Entretanto, não se pode desconhecer que essa visão dos tribunais enumerados não reflete a totalidade dos casos havidos na Justiça Castrense. Em casos muito pontuais, quando a substituição por pena alternativa ocorrer em primeira instância sem que haja a impugnação por recurso, ao menos neste ponto, já houve a substituição de pena privativa de liberdade por restritiva de direitos.

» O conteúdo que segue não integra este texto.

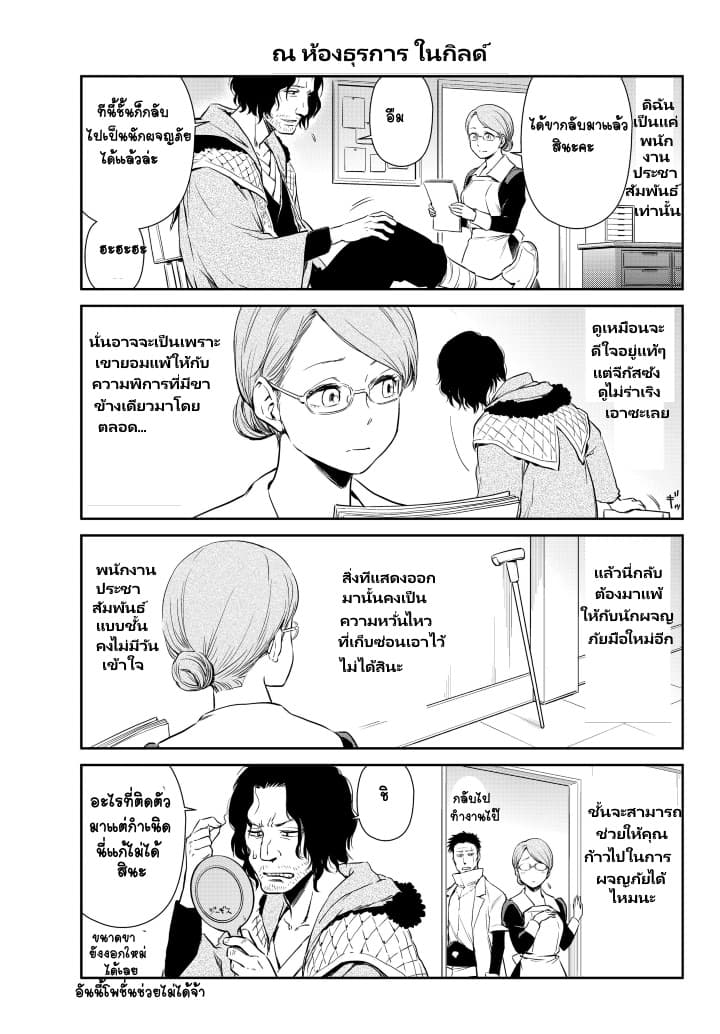 TenSura Nikki Tensei Shitara Slime Datta Ken page 11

Um exemplo prático está no caso em que jovens, integrantes da 3ª Companhia de Engenharia de Combate, em Dom Pedrito/RS, cometeram o crime de desrespeito a símbolo nacional, tipificado no art. 161 do Código Penal Militar, e foram condenados a um ano de prisão. A pena foi substituída por prestação de serviços à comunidade. Havendo recurso apenas da Defesa (Apelação n. 60-86.2011.7.03.0203/DF), o Superior Tribunal Militar manteve a decisão de primeiro grau, com a pena restritiva de direito, mesmo porque, obviamente, ela não foi atacada no recurso.
Eis mais um tema peculiar do Direito Castrense.